En öldürücü silahlarını alıp, o alana oturdular, göremedik. Çelik bilyeler ağzına kadar doldurulmuş, çevikler pusudaymış, bilemedik. Ücretli ve masum bir devlet memuru gibi dolaşıyormuş bombacı o güzel güneşli günde. Tanıyamadık. Zaten kimliksiz dolaşırmış onlar, bilinmezmiş kim oldukları. Yalan makinelerini önceden kurmuşlar saraylara. Öldükten sonra anladık. Güneşli bir Ankara sabahında öldüler bizi. Bizi öldürdükten sonra çıktı ortaya çevikler ve yalan makinesi işlemeye başladı.

Güneşli, berrak ve apaçık bir Ankara sabahında öldürler bizi. Kan akıyordu penceresi karanlık evlerden. Ölü kadınların, gençlerin düşlerin ve tuğlaların üstüne… Gökyüzü aydınlık ve mavi Ankara’da… Yaralı olmak, ölü olmak yerinde olmamak… Halkların gösterişsiz, sessiz cömertliğinde ölüm nasıl söylenirse öyle öldük. Bu sabah biliyoruz elbet her şeyi… Göz göze bakışınca, biliyoruz neyi bölüştüğümüzü. Konuşamasak da. Hızla gelişecek kalbimiz, kendi öz hüznümüzün ılık tarlasında… Bozkır dayanıklılığımızın tarlasında kalbimiz. Ellerimiz ve ayaklarımız arasında kalbimiz. Hızla gelişecek kalbimiz çağımıza uygun bir hızla.
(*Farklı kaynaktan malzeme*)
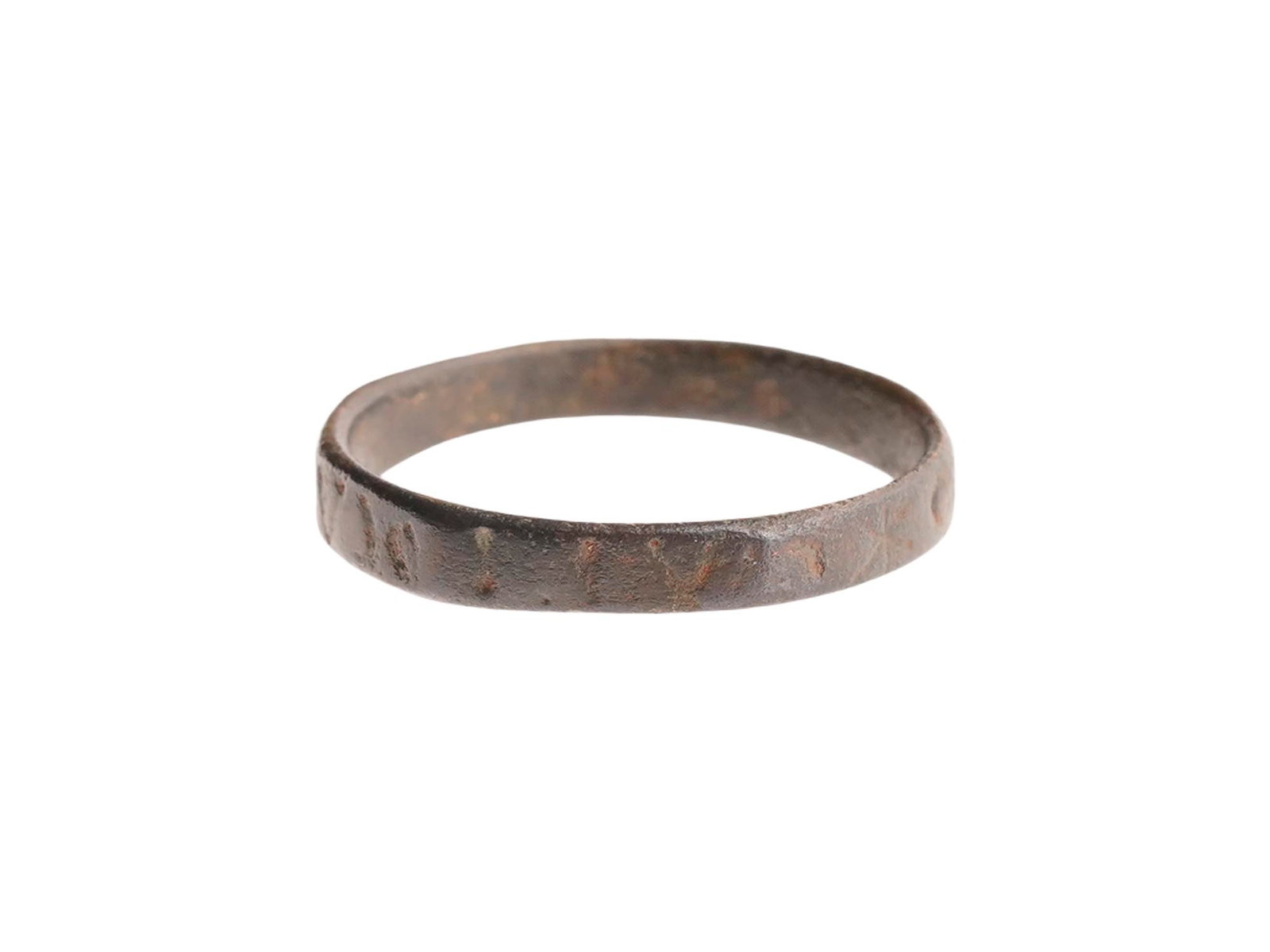 ANCIENT ROMAN BRONZE INSCRIBED RING 100 TO 300 AD: An ancient Roman bronze ring, dating circa 100 to 300 AD, features a continuous flat band design. The exterior surface is decorated with an incised epigraphic inscription, likely representing a protec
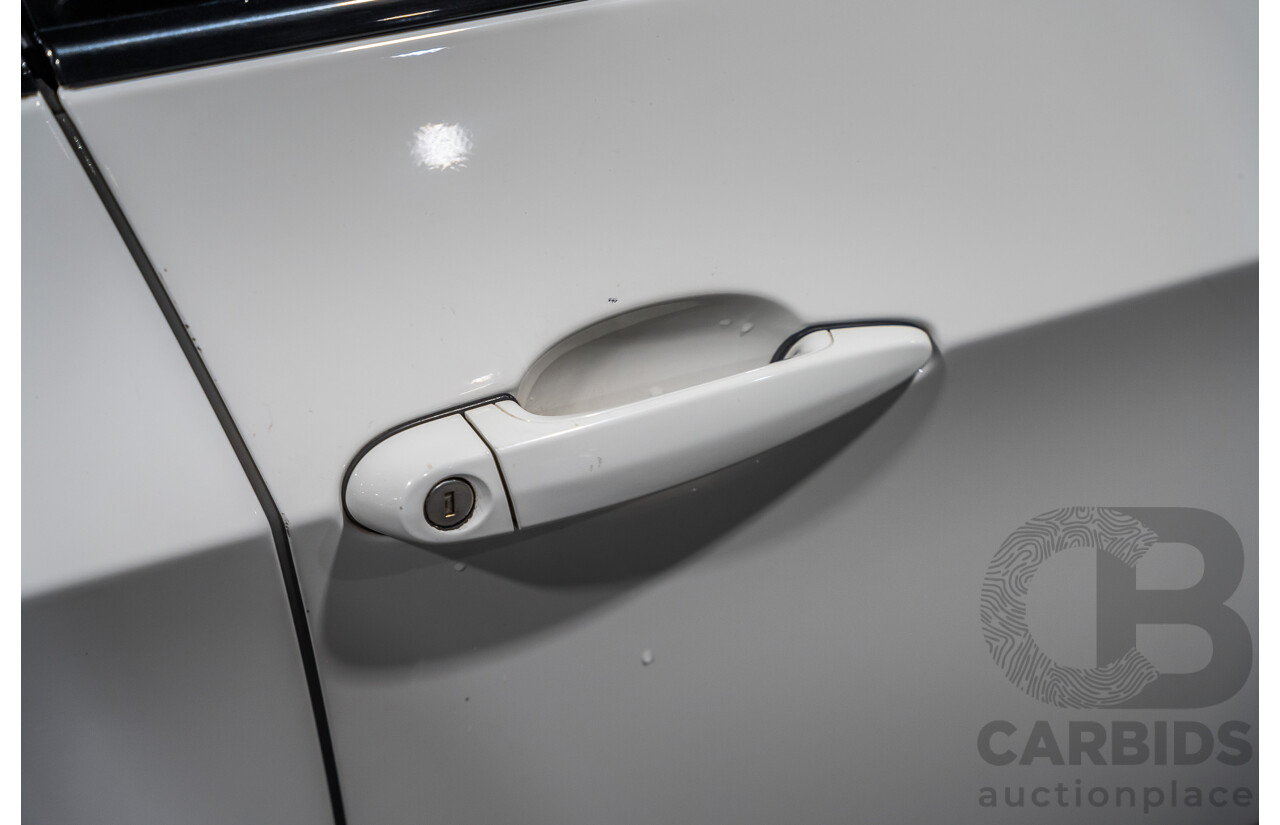 7/2010 BMW X5 Xdrive 40d Sport E70 (4x4) MY10 4d Wagon White Twin Turbo Diesel 3.0L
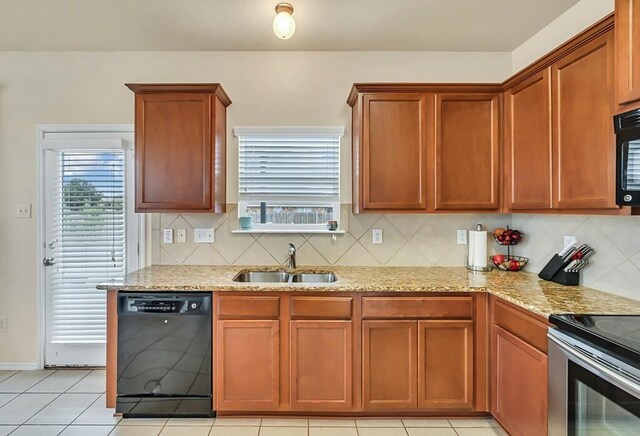 kitchen featuring decorative backsplash, sink, and black appliances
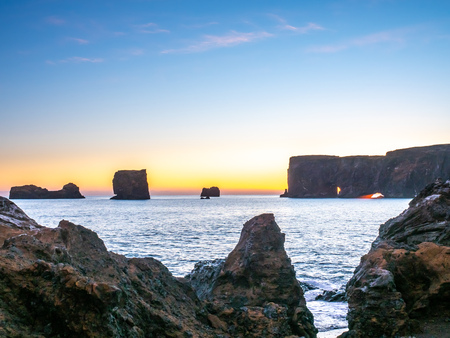 Dyrholaey arch, mean 'the hill island with the door hole', amazing geology viewpoint near Vik town at south of Iceland, during twilight evening sky along coastlineの写真素材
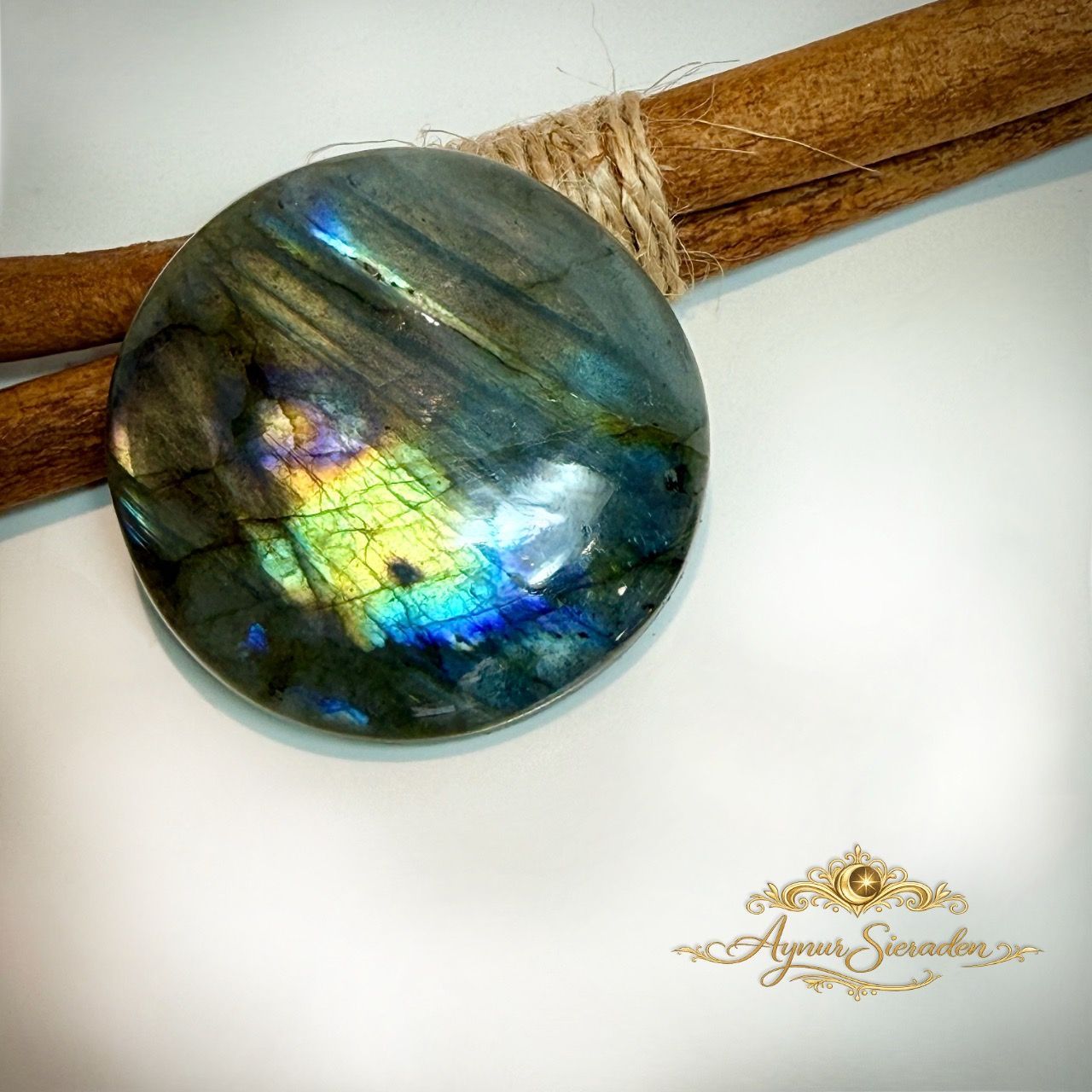 Ronde labradoriet cabochon met blauwe, gouden en groene lichtreflecties.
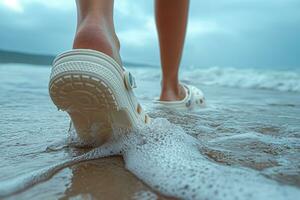 ai gerado crocs calçado pés do a pessoa em a de praia caminhando ao longo a surfar foto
Ama hiç kimse inciri durduramaz o her zaman büyür elbette.  Elbette güzel günlerimiz olacak. Bir taze ekmek gibi sıcak… Bereketli gece yağmurlarından sonra güneş, bir elmas iğne gibi parlayacak. Günler tülbentten süzülmüşçesine berrak, tane tane yiyeceğiz geceleri, huzur içinde, nar gibi… Bir sıcaklık duyacağız gitgide, hayat güzelleşecek… Dilinden anlayacağız eşyaların. Gelmiş geçmiş bütün günlerin lezzeti, bir sevda olacak da, içimize yerleşecek.

O gün ölülerimiz toplanacaktır. Herkesin ve herkesin sesiyle birlikte. Ve yüceltilecektir bir mavide. Ölülerimiz toplanacaktır doldurulan bir kıyı gibi. Nasıl sezgiler ve gerçekler çıkardığımız, nasıl kırgın ve nasıl umutlu olduğumuz anılacaktır. Ölülerimiz toplanacaktır. Kenar köşe kasaba hanlarından, küçük ve karanlık odalarda öldürülenler, direnerek ve akarak ölenler yüceltilecektir. Anılacaktır ölümleri. Karanlığa kanıyla karşı duran, kanıyla ışıtan, yalazlayan karanlığı, yalnız ve dayanaklı gecelerinde üşüyen ölülerimiz toplanacaktır. Ve kuytularda, dağlarda, alanlarda,  bir sabah büyük büyük ateşler yanınca eller temizlenecektir bir tören olacaktır, ölülerimiz toplanacaktır.